In fact the imperial measure is not difficult to read on the digital caliber: First set the measure to example 0.250 inches, then click on button "mm/inc" on digital caliber and it will show 6,35 mm on display. Or write in millimeter on the plan after you has calculated from inches to millimeter. The drill, bolt/nut, rod, plate, block, pipe etc in imperial can you replace with nearest measure in milimeter, it will not affect the performance of the engine when the engine is builded in millimeter.


----------



## Jasonb (Apr 6, 2018)

Just contact one of the Chinese companies that are making the Webster and selling them on e-bay and you too will be able to make them from their drawings/CAD files.


----------



## Brian Rupnow (Apr 6, 2018)

UKKO--The engine that you posted the plans for should actually be a good model for a beginner. Go ahead--build it.
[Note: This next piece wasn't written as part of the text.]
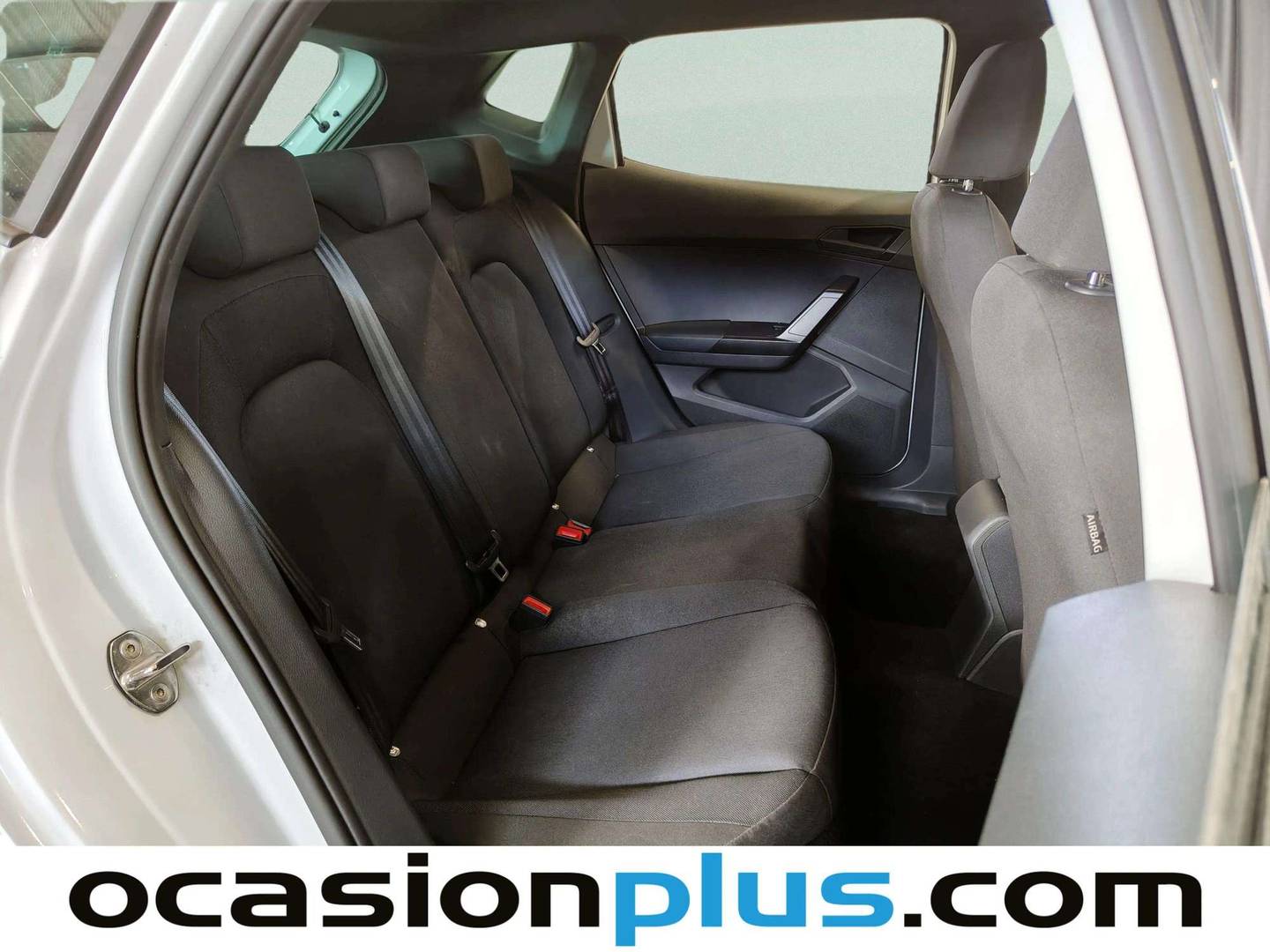 Seat Ibiza SEAT Ibiza 1.0 TSI S&S FR XL (110 CV) 2023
Start a thread on here about the build, take lots of pictures of your progress, and don't be shy about asking questions. There are some amazingly talented people on this forum who will help you. I was raised on the imperial (inch) system and although I had to start using the metric system when I was about 25 years old, I have never been really comfortable with it. (Canada went metric about 1970)  I understand your reluctance to use drawings full of "alien" measurements.---Brian


----------



## cox24711 (Apr 19, 2018)

hey mate! I only started occasionally using a lathe about two years ago until I got my own lathe, a 1956 Myford ML7 at the end of last year (and finished my first engine the webster  then too) Being currently 15 and living in Australia metric is the standard. but having a Myford lathe meant that I now have to use the imperial system. 

So my advice to you is that to get familiar with both of them, so it no longer becomes a hurdle so, no mater what the plans are in and what the machine you use uses, you are able to 'fairly' accurately replicate what the plans specify. Also a big thing that helped me out is this chart that I found in the downloads
http://www.homemodelenginemachinist.com/downloads/engdataa5pdf-81.html
 posted by rake60 who is awesome for doing so.

I hoped this helped.
 if you need any help you know where to come!


----------